A flu-flu arrow is a type of arrow specifically designed to travel a short distance. Such arrows are particularly useful when shooting at aerial targets or for certain types of recreational archery where the arrow must not travel too far. One of the main uses of these arrows is that they do not get lost as easily if they miss the target.

Flu-flu arrows have a distinctive design of fletching, normally made by using long sections of feathers; in most cases six or more sections are used, rather than the traditional three. Alternatively, two long feathers can be spiraled around the end of the arrow shaft. In either case, the excessive fletching serves to generate more drag and slow the arrow down rapidly after a short distance of about 30 m. Recreational flu-flus usually have rubber points to add weight and keep the flight slower.

== Uses ==

Flu-flu arrows were and still are used to hunt birds. When taking aim at the bird the archer must lead the bird and release the arrow in anticipation of the bird's travel path. Because flu-flu arrows fly short distances, it is easy for the archer to recover the arrow if the target is missed. Special bird points are used that entangle the bird as it flies into a wire harness attached to the end of the arrow.

These arrows often have a blunt point. If shooting at squirrels or other tree dwellers, the blunt point will prevent the arrow from sticking in the branch or trunk of the tree, making it easier to retrieve. The blunt points were also used for other reasons. "Although the first game preserves in England were established by William the Conqueror at this time, the Saxon was permitted to shoot birds and small beasts in his fields and therefore was allowed to use a blunt arrow, headed with a lead tip or pilum, hence our term pile, or target point. If found with a sharp arrowhead, the so-called broad-head used for killing the king's deer, he was promptly hanged."
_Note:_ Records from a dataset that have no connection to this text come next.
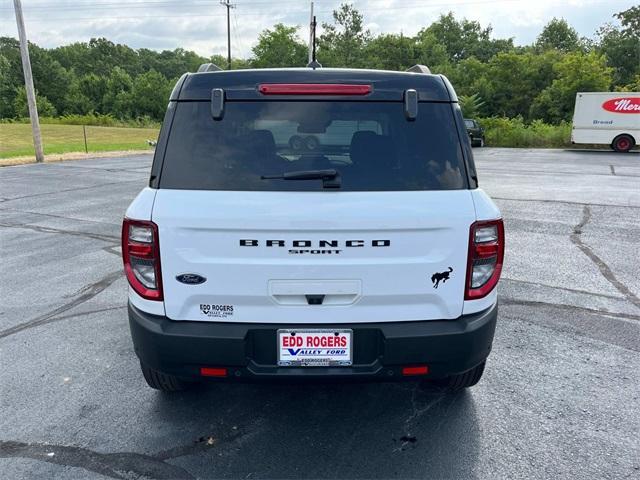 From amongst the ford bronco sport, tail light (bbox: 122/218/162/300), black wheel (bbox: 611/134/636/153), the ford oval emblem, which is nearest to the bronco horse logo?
the ford bronco sport

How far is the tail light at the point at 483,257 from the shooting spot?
2387 millimetres

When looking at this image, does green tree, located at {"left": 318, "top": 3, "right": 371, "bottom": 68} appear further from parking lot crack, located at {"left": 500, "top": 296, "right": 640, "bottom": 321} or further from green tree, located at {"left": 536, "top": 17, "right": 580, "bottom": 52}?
parking lot crack, located at {"left": 500, "top": 296, "right": 640, "bottom": 321}

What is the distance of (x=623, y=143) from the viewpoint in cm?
2623

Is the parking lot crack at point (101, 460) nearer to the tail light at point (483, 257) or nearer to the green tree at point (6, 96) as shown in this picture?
the tail light at point (483, 257)

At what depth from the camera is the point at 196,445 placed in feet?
8.77

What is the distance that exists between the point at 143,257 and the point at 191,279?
0.27 metres

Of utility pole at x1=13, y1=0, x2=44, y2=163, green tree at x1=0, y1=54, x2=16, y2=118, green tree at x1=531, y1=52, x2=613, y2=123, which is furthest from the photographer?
green tree at x1=0, y1=54, x2=16, y2=118

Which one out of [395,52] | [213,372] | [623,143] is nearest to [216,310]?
[213,372]

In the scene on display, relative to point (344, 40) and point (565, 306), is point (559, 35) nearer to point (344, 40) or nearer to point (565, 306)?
point (344, 40)

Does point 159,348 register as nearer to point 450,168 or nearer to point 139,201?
point 139,201

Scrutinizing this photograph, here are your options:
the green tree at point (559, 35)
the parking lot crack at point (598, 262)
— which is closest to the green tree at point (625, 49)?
the green tree at point (559, 35)

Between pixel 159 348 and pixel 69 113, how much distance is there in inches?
3118

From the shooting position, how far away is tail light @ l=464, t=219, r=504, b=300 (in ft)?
7.83

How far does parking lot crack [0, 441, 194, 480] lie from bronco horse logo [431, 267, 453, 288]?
1.52 m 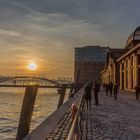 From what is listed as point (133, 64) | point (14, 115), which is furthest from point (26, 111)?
point (133, 64)

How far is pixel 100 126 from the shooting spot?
52.4ft

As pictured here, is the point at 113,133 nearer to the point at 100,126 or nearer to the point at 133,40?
the point at 100,126

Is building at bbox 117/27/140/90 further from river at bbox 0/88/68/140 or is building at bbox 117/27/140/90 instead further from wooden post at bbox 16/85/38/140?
wooden post at bbox 16/85/38/140

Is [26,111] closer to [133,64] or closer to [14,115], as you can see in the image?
[14,115]

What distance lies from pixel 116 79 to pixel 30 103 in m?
70.1

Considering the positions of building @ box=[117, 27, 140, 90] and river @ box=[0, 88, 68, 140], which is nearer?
river @ box=[0, 88, 68, 140]

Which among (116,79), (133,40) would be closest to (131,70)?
(133,40)

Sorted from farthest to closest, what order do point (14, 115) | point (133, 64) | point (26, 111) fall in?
point (133, 64)
point (14, 115)
point (26, 111)

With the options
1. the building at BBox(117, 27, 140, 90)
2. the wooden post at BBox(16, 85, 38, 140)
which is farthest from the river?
the building at BBox(117, 27, 140, 90)

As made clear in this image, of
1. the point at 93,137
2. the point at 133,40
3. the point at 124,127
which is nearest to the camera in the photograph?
the point at 93,137

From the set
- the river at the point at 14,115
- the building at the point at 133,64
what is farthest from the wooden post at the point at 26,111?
the building at the point at 133,64

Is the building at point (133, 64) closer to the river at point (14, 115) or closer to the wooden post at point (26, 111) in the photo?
the river at point (14, 115)

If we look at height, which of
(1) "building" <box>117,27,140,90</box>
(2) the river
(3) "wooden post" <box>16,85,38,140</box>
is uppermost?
(1) "building" <box>117,27,140,90</box>

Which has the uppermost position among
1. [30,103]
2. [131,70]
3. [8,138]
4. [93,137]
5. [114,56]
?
[114,56] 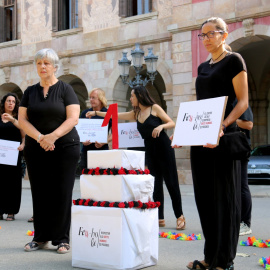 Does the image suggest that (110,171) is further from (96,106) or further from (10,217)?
(10,217)

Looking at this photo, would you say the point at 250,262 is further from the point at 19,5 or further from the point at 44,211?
the point at 19,5

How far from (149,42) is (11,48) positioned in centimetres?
736

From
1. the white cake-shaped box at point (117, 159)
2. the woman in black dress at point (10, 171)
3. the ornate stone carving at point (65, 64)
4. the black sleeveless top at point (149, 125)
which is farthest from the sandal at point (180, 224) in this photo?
the ornate stone carving at point (65, 64)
Another author said: "After shooting with bows and arrows for a short time, the archer no doubt will marvel at the way an arrow can lose itself in even the shortest grass and how a pointed arrow can bury itself about 2.5 cm or so into a tree trunk or branch so that it takes a half-hour or more to dig it out. For this kind of shooting, blunt arrows cannot be beat. These blunt arrows have tremendous hitting power. They do not sneak under the grass as easily as do other arrows, but the chances of getting a rabbit with a blunt arrow are much better than with a hunting point. These blunt arrows will stand a lot of hard knocks too."

Flu-flu arrows are often used for children's archery, and can be used to play flu-flu golf. Similar to disc golf, the player must go to where the arrow landed, pick it up, shoot it again, and repeat this process until they reach a specified place.